### EXERCISE
Each entry below must be repeated exactly. Leave the pictures out of it.

### SUPPLIED MATERIAL
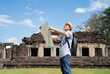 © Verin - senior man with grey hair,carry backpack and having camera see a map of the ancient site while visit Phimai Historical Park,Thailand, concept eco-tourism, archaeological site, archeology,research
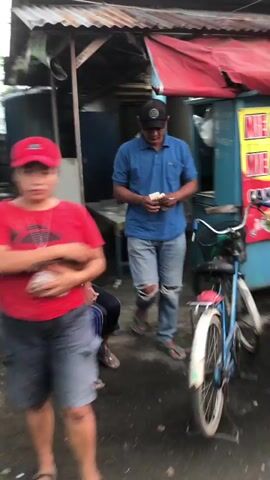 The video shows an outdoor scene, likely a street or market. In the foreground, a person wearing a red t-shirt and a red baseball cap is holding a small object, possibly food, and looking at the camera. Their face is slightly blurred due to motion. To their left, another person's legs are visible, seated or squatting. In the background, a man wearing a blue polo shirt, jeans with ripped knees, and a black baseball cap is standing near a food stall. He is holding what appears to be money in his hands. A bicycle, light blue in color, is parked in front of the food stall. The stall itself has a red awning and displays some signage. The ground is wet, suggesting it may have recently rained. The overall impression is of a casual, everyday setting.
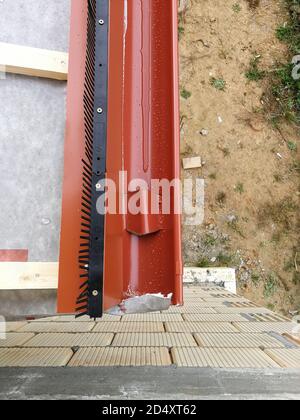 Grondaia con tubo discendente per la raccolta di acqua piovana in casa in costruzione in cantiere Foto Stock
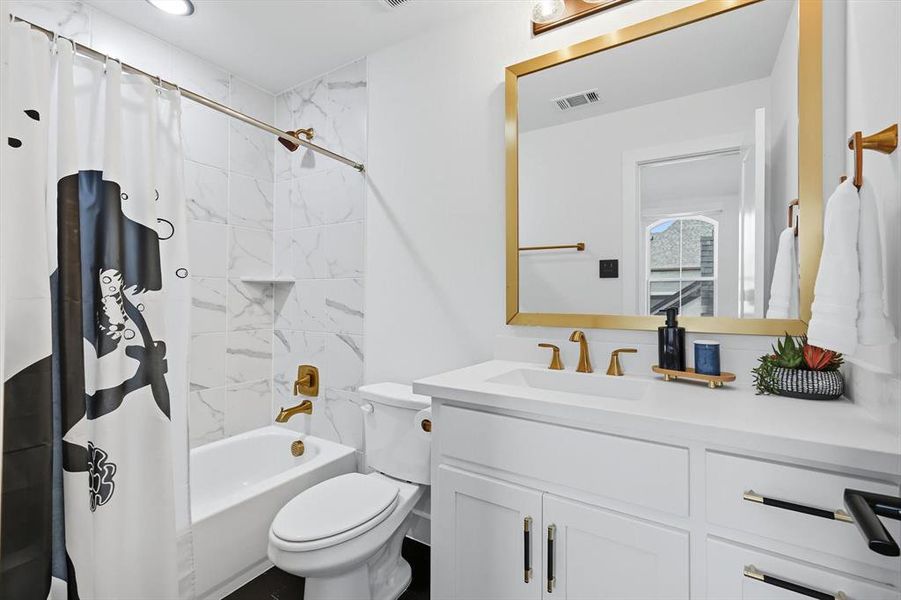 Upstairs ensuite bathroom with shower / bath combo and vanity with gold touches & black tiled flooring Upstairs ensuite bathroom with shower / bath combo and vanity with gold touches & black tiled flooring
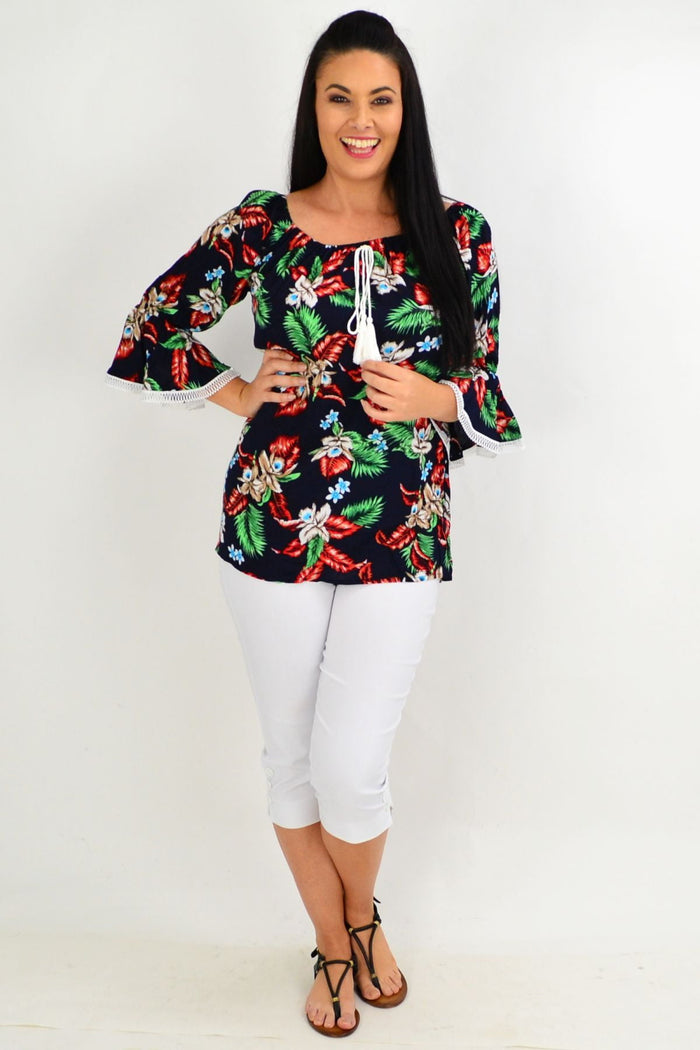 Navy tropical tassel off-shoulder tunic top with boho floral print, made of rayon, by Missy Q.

### OUTPUT BELOW
 © Verin - senior man with grey hair,carry backpack and having camera see a map of the ancient site while visit Phimai Historical Park,Thailand, concept eco-tourism, archaeological site, archeology,research
 The video shows an outdoor scene, likely a street or market. In the foreground, a person wearing a red t-shirt and a red baseball cap is holding a small object, possibly food, and looking at the camera. Their face is slightly blurred due to motion. To their left, another person's legs are visible, seated or squatting. In the background, a man wearing a blue polo shirt, jeans with ripped knees, and a black baseball cap is standing near a food stall. He is holding what appears to be money in his hands. A bicycle, light blue in color, is parked in front of the food stall. The stall itself has a red awning and displays some signage. The ground is wet, suggesting it may have recently rained. The overall impression is of a casual, everyday setting.
 Grondaia con tubo discendente per la raccolta di acqua piovana in casa in costruzione in cantiere Foto Stock
 Upstairs ensuite bathroom with shower / bath combo and vanity with gold touches & black tiled flooring Upstairs ensuite bathroom with shower / bath combo and vanity with gold touches & black tiled flooring
 Navy tropical tassel off-shoulder tunic top with boho floral print, made of rayon, by Missy Q.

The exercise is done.